You’re probably thinking, “So, what’s the mistake?”
Well, we knew it had to end. A couple of days later, we checked out of The Waldorf and checked in to reality. Our next hotel was nice, but it wasn’t the Waldorf. The room was a little cozier. The accommodations were good (but not great). I thought to myself, “I miss the Waldorf.” We all did.
What changed? Why was the second hotel feeling second rate?
It was our expectation. Our expectations were anchored to the premier brand. The Waldorf set the new benchmark. That’s why we were slightly disappointed with the second hotel.
Consider this…Would customers view you as the Waldorf or the second hotel? What if you could set a new benchmark in your industry? It’s possible when you embrace a value-added mindset.
Customer expectations are the true benchmarks of satisfaction. That’s why it’s common to under promise and over deliver. But that’s a mistake. Under promising is dangerous for two reasons. First, how do you sell mediocrity? It sounds like this: “Mr. Buyer, I know you have choices, but I assure you that we are the most AVERAGE. At the very least, I guarantee you won’t be completely dissatisfied with our solution. Trust me. It’s tolerable.” Who could sell that? Who would buy it?
Secondly, consider the damaging impact of under promising. People rise or fall to the expectations set. Robert Rosenthal showed the link between performance and expectations in his research of the Pygmalion effect. He found that high expectations led to high performance, and low expectations led to low performance. Constantly under promising means you’ll eventually fall to that expectation. Low expectations limit your capacity to create value.
Rather than lower expectations, raise them. Make big promises and deliver. When you raise the bar, you become the benchmark. Here are three ideas to get you started.

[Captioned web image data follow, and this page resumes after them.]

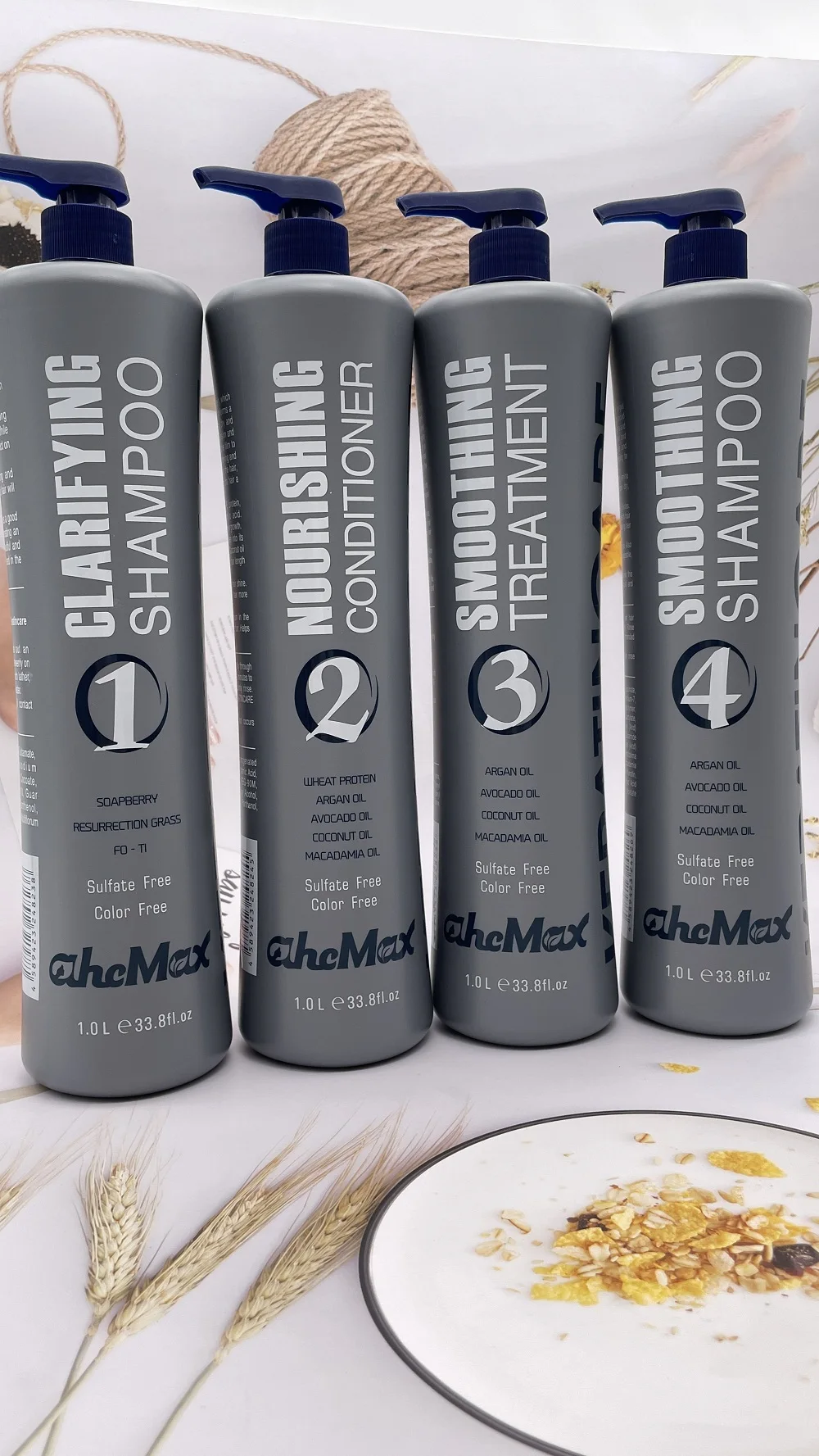 Repair fork 4 keratin shampoo for damaged hair keratin hair care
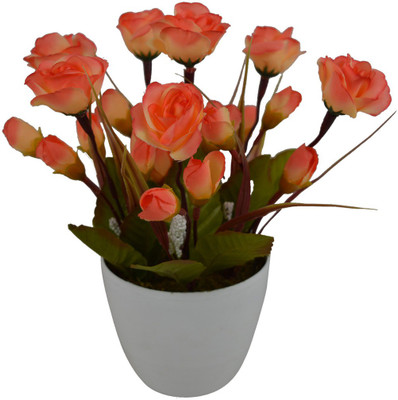 Fancymart FP-0738-574 Multicolor Rose Artificial Flower with Pot(5 inch, Pack of 1)
Fancymart FP-0738-574 Multicolor Rose Artificial Flower with Pot(5 inch, Pack of 1)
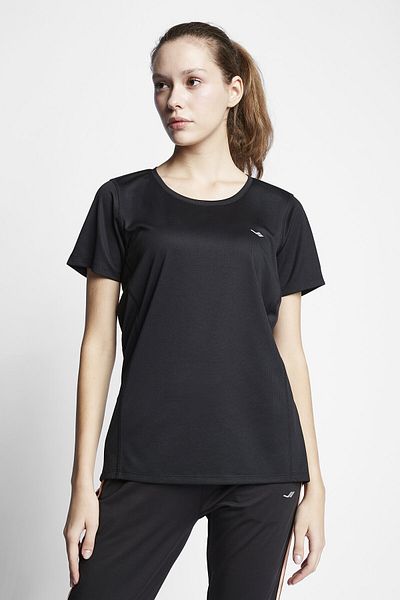 Lescon Γυναικείο κοντομάνικο μπλουζάκι 23s-2204-23b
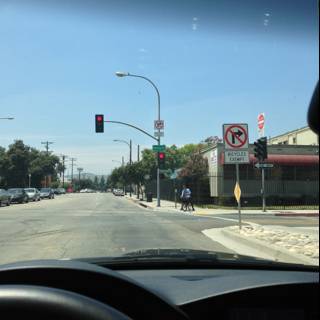 Driving Through Pasadena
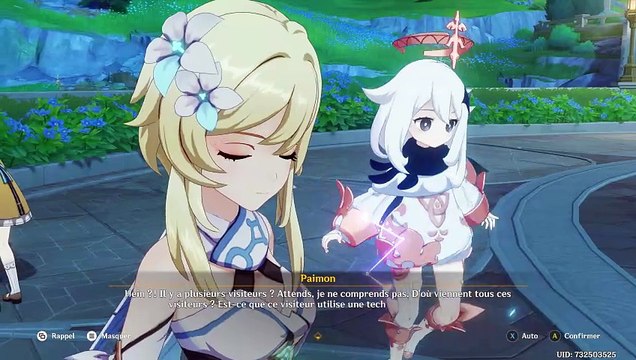 Genshin Impact La Fée sauvage d'Erinnyes 3 Dans les profondeurs d'Erinnyes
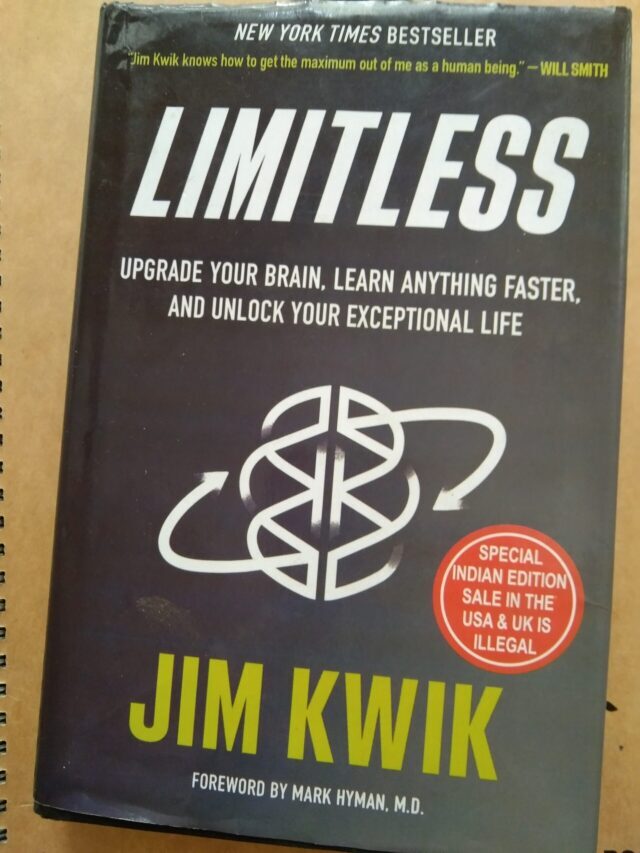 5 Life-changing Lessons to Learn From Limitless Book by Jim Kwik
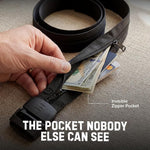 Travel Security Belt & Hidden Money Wallet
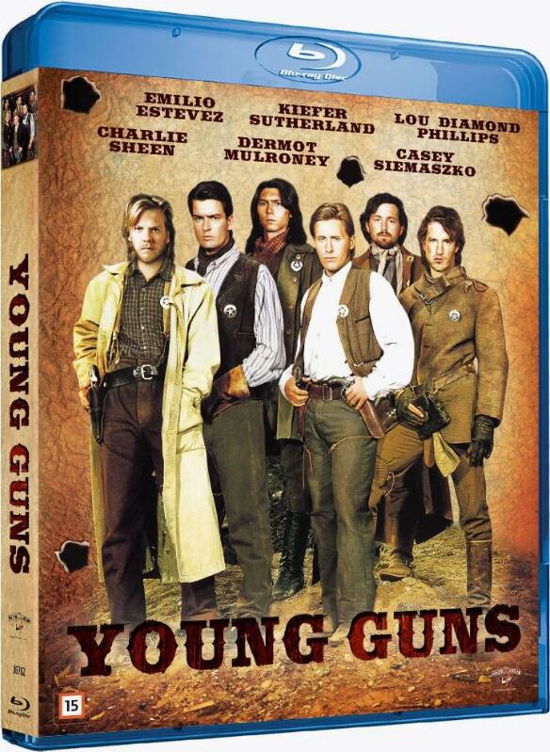 Young Guns (Blu-Ray) (2024)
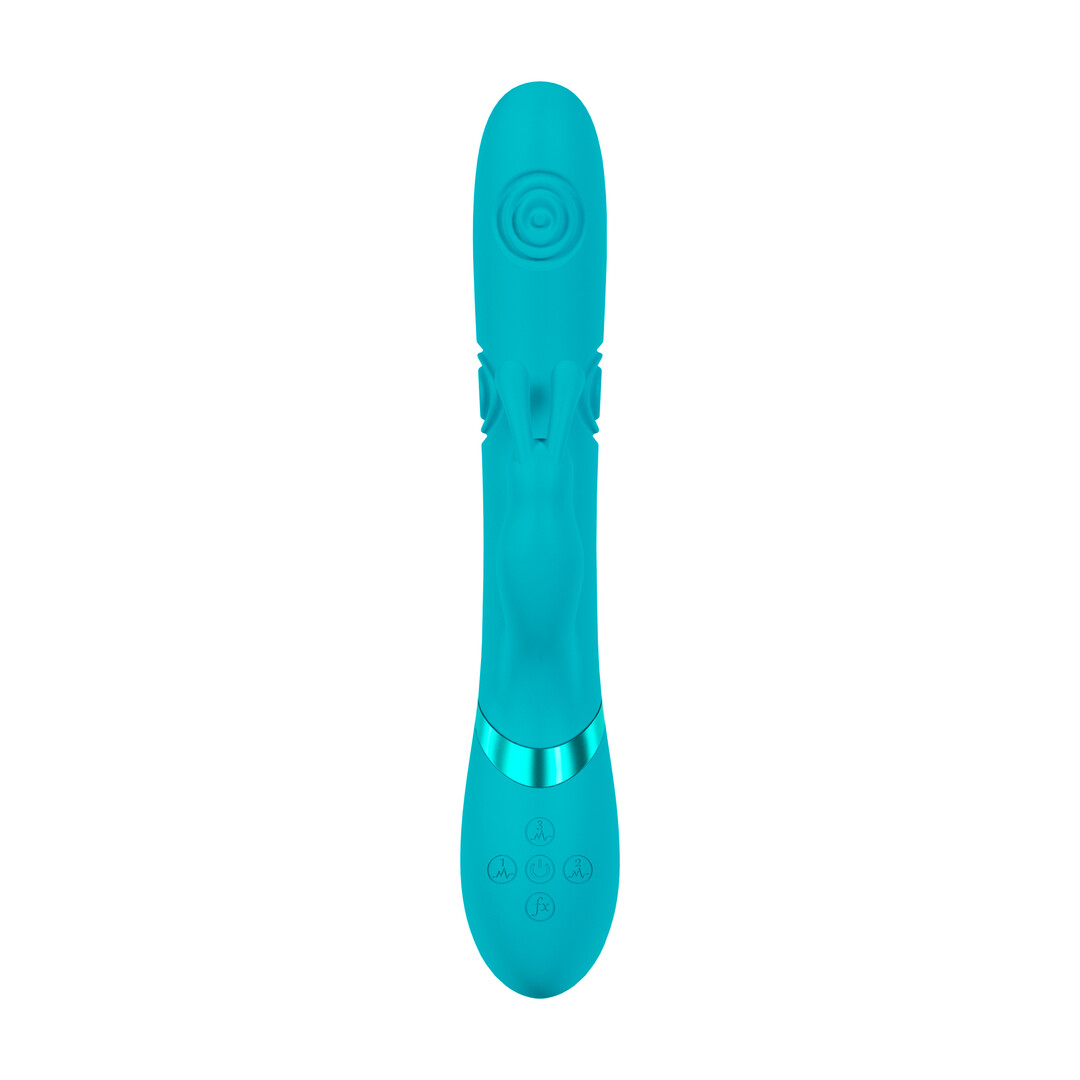 Mimi – G-Spot Vibrerende en Kloppende Konijn – Blauw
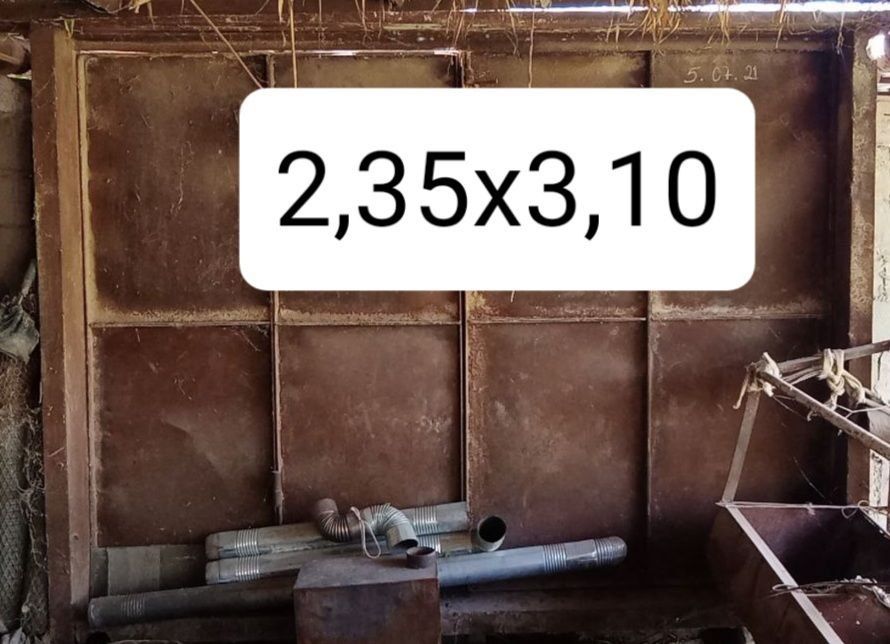 Darvoza temidan ugolnik 1lik listdan bo'lgan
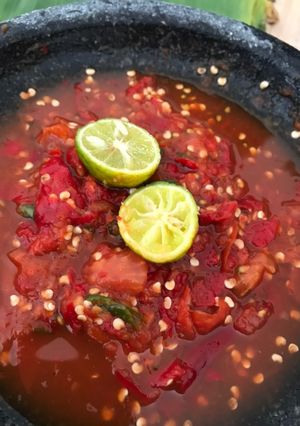 Foto resep Sambal dadak ala Rumah makan sunda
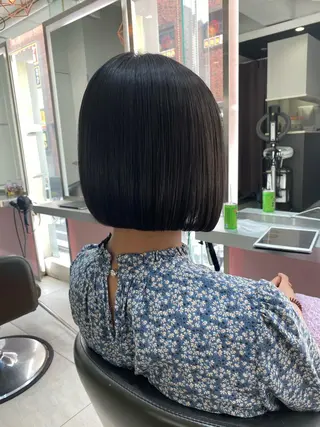 ショート Eleanor 池袋 ミカのヘアスタイル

- Clearly define what customers expect from you. You can only exceed the expectations of which you are aware. Ask your customer, “What do you expect from us throughout this process?” Whatever they tell you, go above and beyond. Ask the customer, “What outcomes do you expect to achieve?” Ask customers what they expect in the different phases of their buying process: pre-sale, transition, and post-sale usage phase. Clear expectations clarify the benchmark.
- Reinforce your value. Highlight the hidden ways you bring value throughout the experience. Inform the buyer of the unique ways you add value throughout the experience. This invokes a self-fulfilling prophecy; customers notice what they’re prompted to see. Every noticeable touchpoint of value sets a new benchmark.
- Highlight your value-added strengths. Establish your value-added strengths as the benchmark criteria. Whatever is focal is deemed valuable and important. As buyers compare alternatives utilizing your strengths, it’s easier for you to stand out.
Expectations are the true benchmarks of satisfaction. High expectations create an opportunity to elevate the customer’s experience. Use these ideas to establish your company as the benchmark in the industry. And don’t be afraid to dream big. As Conrad Hilton (the Waldorf Astoria founder) said, “To achieve big things, you have to have big dreams.” Dream bigger and extend your capacity to create value.